New presidential duty: The 'kill list'

Jun 02, 2012

By David Jackson, USA TODAY
Updated 2012-06-03 2:26 PM


The nation learned details this week of a new and deadly presidential duty: The 'kill list."Early in his term, President Obama, counterterrorism adviser John Brennan and Gen. James Cartwright formed what author Daniel Klaidman calls "a kind of special troika on targeted killings" of suspected al-Qaeda members and other terrorists.
"The three men were making life-and-death decisions, picking targets, rejecting or accepting names put forward by the military, feeling their way through a new kind of war -- Obama's war," Klaidman writes in his forthcoming book, Kill or Capture: The War on Terror and the Soul of the Obama Presidency.
It's another sign of the new times in war. It involves not battalions on open battlefields, but intelligence gathering, legal analysis, and unmanned drones aimed at specific targets. The list can range from Osama bin Laden to al-Qaeda foot soldiers whose names are virtually unknown to the American public.
In a book excerpt published in Newsweek magazine, Klaidman writes that Obama has made "brutally difficult" decisions that have taken a toll on him and his staff.
Writes Klaidman:
In quiet conversations with his advisers, the president would sometimes later reflect on whether they knew with certainty that the people they were targeting posed a genuine and specific threat to American interests.
Similar angst and debate was coursing through the administration as a whole.

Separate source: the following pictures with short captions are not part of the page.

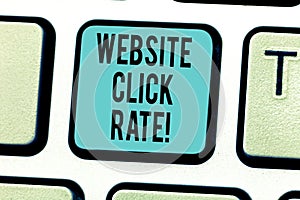 Writing note showing Website Click Rate. Business photo showcasing ratio users who click specific link to number total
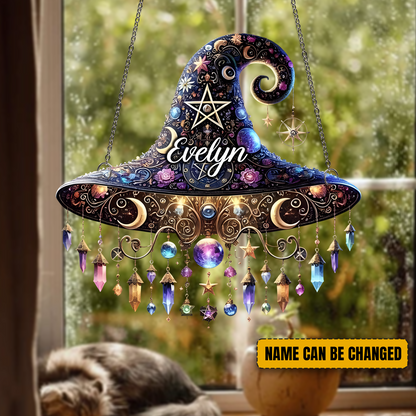 Personalized Witch Hat Crystal Acrylic Suncatcher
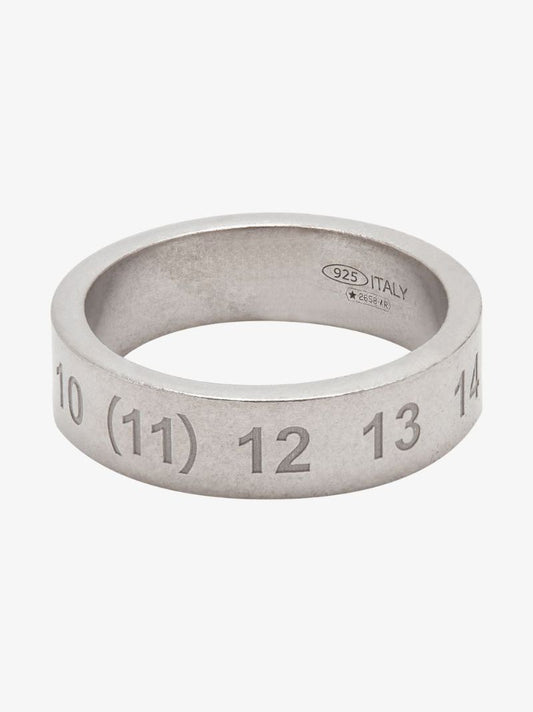 Sterling Silver Number Large Band Ring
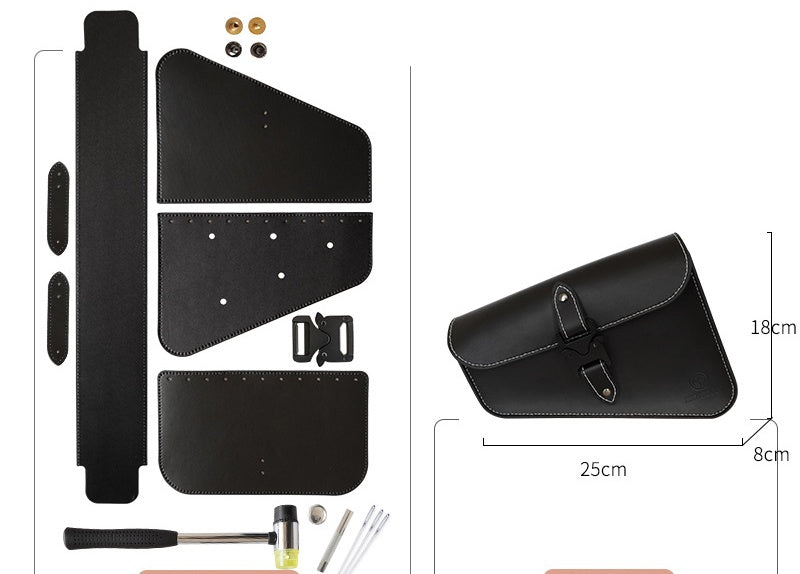 DIY Leather Motorcycle Bag Kit | Beginner-Friendly Cowhide Saddle Bag Craft Set with Video Tutorial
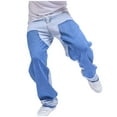 thumbnail image 6 of WXLWZYWL Men's Baggy Jeans Y2K Aesthetic Casual Wide Leg Denim Pants Relaxed Fit Hip Hop Trousers Loose Color Block Slacks, 6 of 6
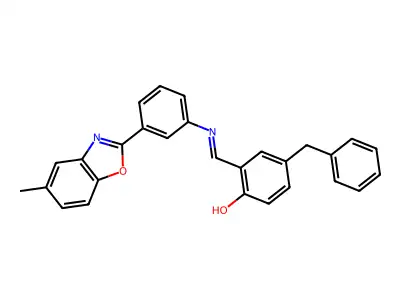 4-benzyl-2-[(E)-{[3-(5-methyl-1,3-benzoxazol-2-yl)phenyl]imino}methyl]phenol structure
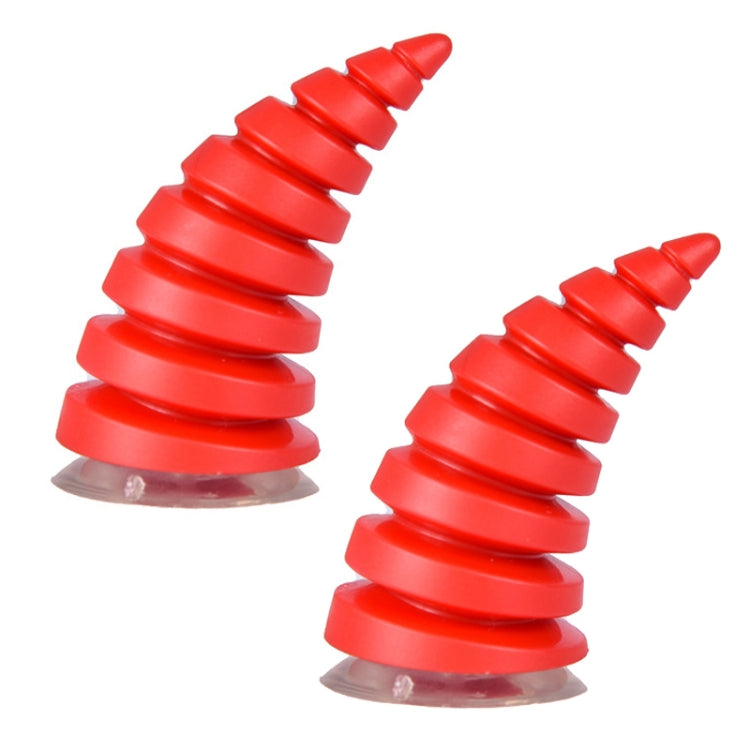 2PCS Motorcycle Horn Sucker Helmet Decoration(Red) by buy2fix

Every targeted killing, in fact, had to be lawyered -- either by the CIA's attorneys, in the case of agency operations, or by other lawyers when the military was involved.
The New York Times also provided details of a process in which "Mr. Obama has placed himself at the helm of a top secret 'nominations' process to designate terrorists for kill or capture, of which the capture part has become largely theoretical."
Obama often looks over yearbook-like charts with pictures, bios, and allegations against potential targets, the Times reports:
He had vowed to align the fight against Al Qaeda with American values; the chart, introducing people whose deaths he might soon be asked to order, underscored just what a moral and legal conundrum this could be.
Mr. Obama is the liberal law professor who campaigned against the Iraq war and torture, and then insisted on approving every new name on an expanding "kill list," poring over terrorist suspects' biographies on what one official calls the macabre "baseball cards" of an unconventional war.
When a rare opportunity for a drone strike at a top terrorist arises -- but his family is with him -- it is the president who has reserved to himself the final moral calculation.